Have You Reviewed Your Policies Recently?
Historically, credit unions may have been wary of making material changes to their policies, whether an A/LM policy, Liquidity policy, Investment policy or broader Financial Management policy – for fear of raising regulatory “red flags.” However, with the adoption of the final rule on interest rate risk (§741.3(b)(5)(i)), and the effective implementation date of September 30, 2012, many credit unions are finding this a great time to revisit their policies. While reviewing policy, some key questions must be asked:
- How does the policy help promote safety and soundness, while also reflecting the risk appetite of the credit union’s board and senior management?
- Have there been situations in recent history where policy limits or guidelines have “tied hands” with respect to making sound business decisions?
- Conversely, are there limits or guidelines in policy that have aided in the decision-making process, potentially saving the credit union from less than favorable outcomes?
- How can we effectively construct policy limits and/or guidelines to both satisfy regulatory requirements and aid in the decision-making process of the board and senior management?

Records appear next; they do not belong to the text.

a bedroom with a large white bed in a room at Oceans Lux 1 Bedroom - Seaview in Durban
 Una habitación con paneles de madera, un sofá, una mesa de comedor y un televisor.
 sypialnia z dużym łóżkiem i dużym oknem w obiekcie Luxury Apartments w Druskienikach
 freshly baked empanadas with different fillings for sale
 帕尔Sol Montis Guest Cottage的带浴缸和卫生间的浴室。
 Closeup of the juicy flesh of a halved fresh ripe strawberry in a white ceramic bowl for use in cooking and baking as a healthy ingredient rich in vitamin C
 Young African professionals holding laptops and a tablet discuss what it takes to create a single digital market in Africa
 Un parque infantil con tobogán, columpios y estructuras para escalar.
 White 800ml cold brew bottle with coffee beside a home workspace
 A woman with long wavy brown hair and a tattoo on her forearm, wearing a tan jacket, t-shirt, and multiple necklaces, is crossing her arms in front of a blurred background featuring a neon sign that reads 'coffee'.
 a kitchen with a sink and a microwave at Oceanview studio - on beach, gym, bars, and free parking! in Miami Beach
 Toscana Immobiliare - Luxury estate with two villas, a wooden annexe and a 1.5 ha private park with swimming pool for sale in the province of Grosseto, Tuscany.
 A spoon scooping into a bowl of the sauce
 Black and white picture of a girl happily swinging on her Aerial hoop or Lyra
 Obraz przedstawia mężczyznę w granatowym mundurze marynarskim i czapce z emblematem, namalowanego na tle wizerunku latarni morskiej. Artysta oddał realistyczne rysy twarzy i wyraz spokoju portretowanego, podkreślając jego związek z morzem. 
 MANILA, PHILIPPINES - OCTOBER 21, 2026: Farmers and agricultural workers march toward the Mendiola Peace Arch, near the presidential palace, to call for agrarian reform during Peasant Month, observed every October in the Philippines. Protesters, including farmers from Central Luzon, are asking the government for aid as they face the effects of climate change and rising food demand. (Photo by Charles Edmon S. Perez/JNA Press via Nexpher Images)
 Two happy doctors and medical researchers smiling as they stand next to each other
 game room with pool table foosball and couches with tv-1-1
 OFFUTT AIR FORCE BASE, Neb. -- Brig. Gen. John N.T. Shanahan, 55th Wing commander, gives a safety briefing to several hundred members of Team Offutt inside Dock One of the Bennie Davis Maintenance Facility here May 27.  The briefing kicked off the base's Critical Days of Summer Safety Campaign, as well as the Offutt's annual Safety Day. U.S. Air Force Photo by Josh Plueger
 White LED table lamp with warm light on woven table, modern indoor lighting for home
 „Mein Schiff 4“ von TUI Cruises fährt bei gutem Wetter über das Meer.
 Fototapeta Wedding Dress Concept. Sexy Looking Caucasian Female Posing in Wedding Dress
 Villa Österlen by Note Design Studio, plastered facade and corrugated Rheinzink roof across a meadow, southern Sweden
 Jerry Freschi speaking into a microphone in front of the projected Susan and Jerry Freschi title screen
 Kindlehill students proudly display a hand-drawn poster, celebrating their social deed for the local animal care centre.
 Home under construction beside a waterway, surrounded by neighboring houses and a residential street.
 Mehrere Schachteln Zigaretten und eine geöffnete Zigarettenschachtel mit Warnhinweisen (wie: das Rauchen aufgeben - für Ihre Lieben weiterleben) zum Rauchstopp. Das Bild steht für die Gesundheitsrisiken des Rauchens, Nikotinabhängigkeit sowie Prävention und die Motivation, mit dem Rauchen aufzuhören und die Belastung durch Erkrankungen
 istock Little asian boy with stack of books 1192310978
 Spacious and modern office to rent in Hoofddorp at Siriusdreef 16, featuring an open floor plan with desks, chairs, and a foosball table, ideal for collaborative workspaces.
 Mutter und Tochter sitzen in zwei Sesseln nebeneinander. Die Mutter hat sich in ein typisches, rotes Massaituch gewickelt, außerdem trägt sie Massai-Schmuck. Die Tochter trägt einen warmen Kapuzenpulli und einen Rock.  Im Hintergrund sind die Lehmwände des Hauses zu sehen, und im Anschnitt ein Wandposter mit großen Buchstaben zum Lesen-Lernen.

With heightened industry awareness surrounding interest rate risk, and increasing regulatory pressure to mitigate the risk being taken by some credit unions today, would it possibly raise more regulatory “red flags” if a credit union did not revisit relevant policies prior to the September 30 implementation date? A good policy has limits and guidelines intended to promote risk management and safety and soundness. A great policy has limits and guidelines intended to promote risk management and safety and soundness, but most importantly, provisions that drive dialogue to aid in the decision-making process. While revisiting policy this year, the above questions will help take your existing policy from “good” to great.